Continued on developer list.

Jan Nieuwenhuizen <address@hidden> writes:

> As a new contributor/developer, by using a different, and a particular
> unfriendly platform for free software development, you are faced with
> tackling several difficult problems at once.
>
> This is only meant as an observation and an apology.  Had you be 
> using a common GNU/Linux platform, installing all dependencies can
> be done in a single command that runs in under a minute on my box.
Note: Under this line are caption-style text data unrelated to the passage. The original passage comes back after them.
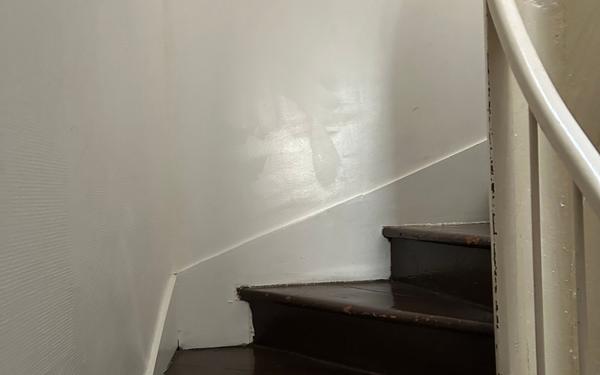 Immeuble à vendre    4 pièces • 89 m2 La Rochelle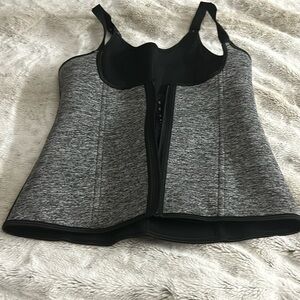 Lucaco Waist Trainer Corset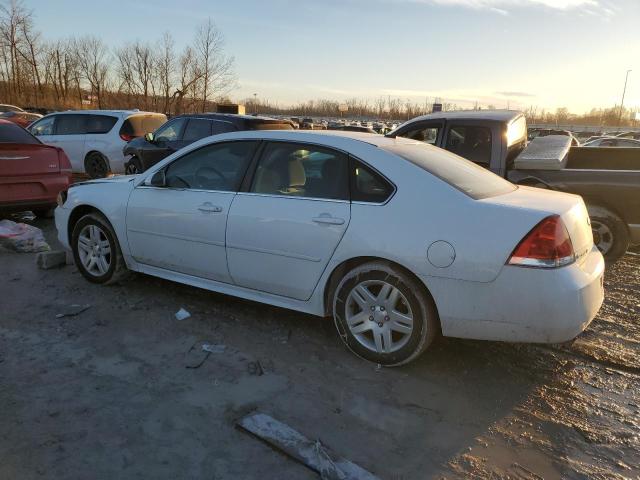 Vin: 2g1wb5e31e1100780, lot: 42639095, chevrolet impala lt 20142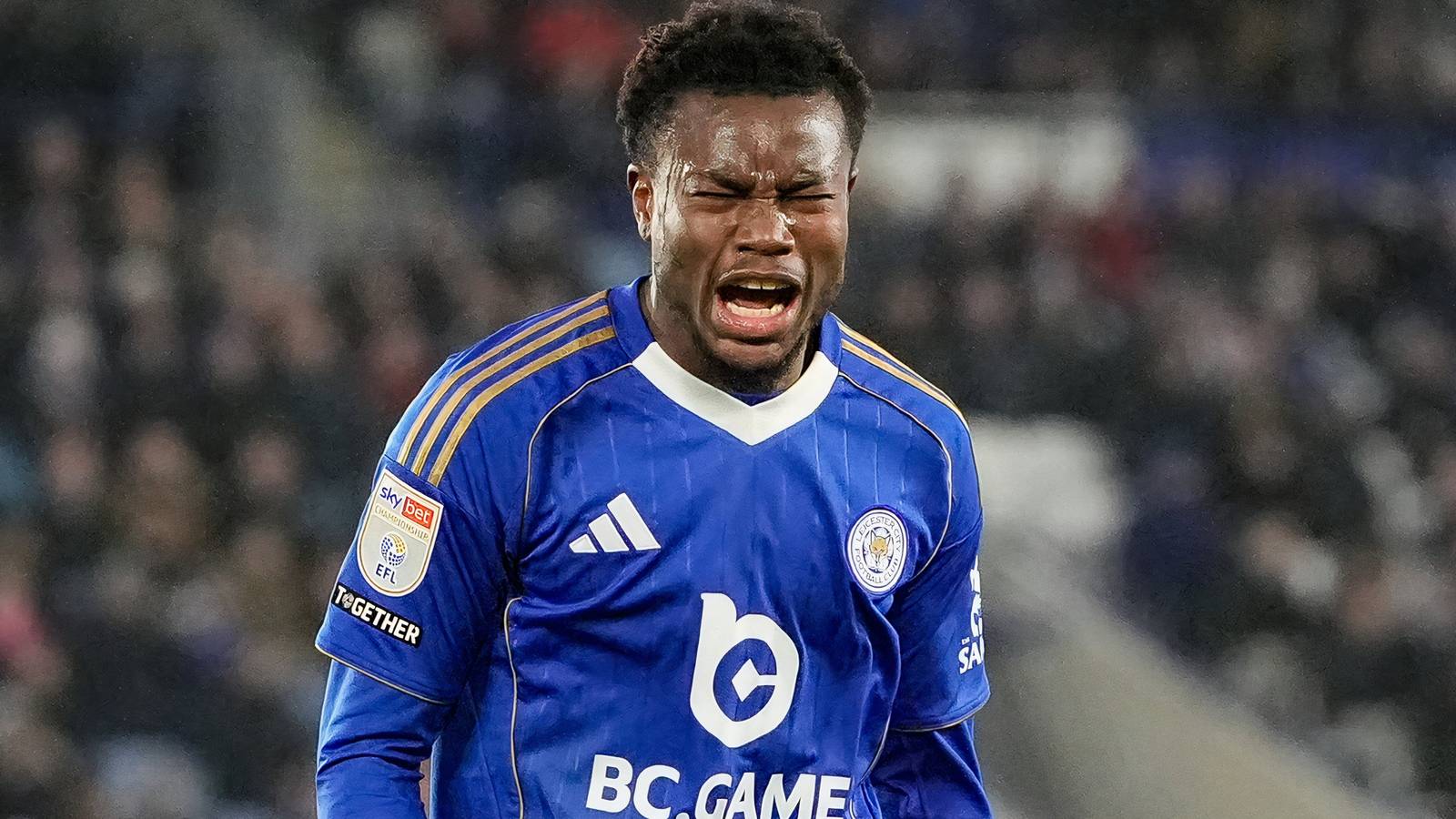 Sunderland pursuing deal for "constant threat" who's better than Fatawu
It's basically a startup investment.  Personally, I have the impression
that the current structure of C++ plus Scheme may not be the best setup
since Scheme, as the principal script language, does not have the
expressive power to work with Lilypond's internal data structures.
Taking a comparative look at C/Elisp as used in Emacs, the actual
programming is done in Elisp, with C delivering primitives and all
access to the Elisp data structures.  _If_ Emacs has the principal
capabilities for some task, you can code the whole task in Elisp.  This
does not appear to be doable with Lilypond's Scheme.  At least not to
the degree where it is the preferred way of thinking about new tasks.

At least I don't see how one can whip up new translators or context
types just writing Scheme code.

For a start from scratch, Lua would be a nice choice: message-passing
coroutines (very nice for translators keeping context!), procedural
syntax, very portable, fast.  And you can learn everything worth knowing
about it in few days.

I can actually understand and work with the Lua coroutines.  In
contrast, I am not sure that trying to solve tasks with Scheme
continuations in Lilypond will not crash down everything around you.
Pretty much all usable Scheme data _structures_, (cons cell, array),
have a non-local existence, and just the named handle to them is
actually part of the dynamic context.  So while continuations may have
well-defined semantics on the dynamic context, this does not buy you
useful semantics for the structured data you would want to manipulate in
this context.

Anyway, water down the drawbridge.

Would it be feasible to create new listeners/performers/contexts purely
in Scheme, by having generic enough C++ listener/performer/context
factories that one can fit in everything worth having by using Scheme?

Scheme might not be the nicest language for programming, but being able
to solve everything important in some application in _one_ language
without need of recompiling (or heap management) or language interfacing
would be a good step towards recruiting new programmers and solving
tasks, partly in form of libraries or packages which can be just used
on-demand rather than needing to be compiled in.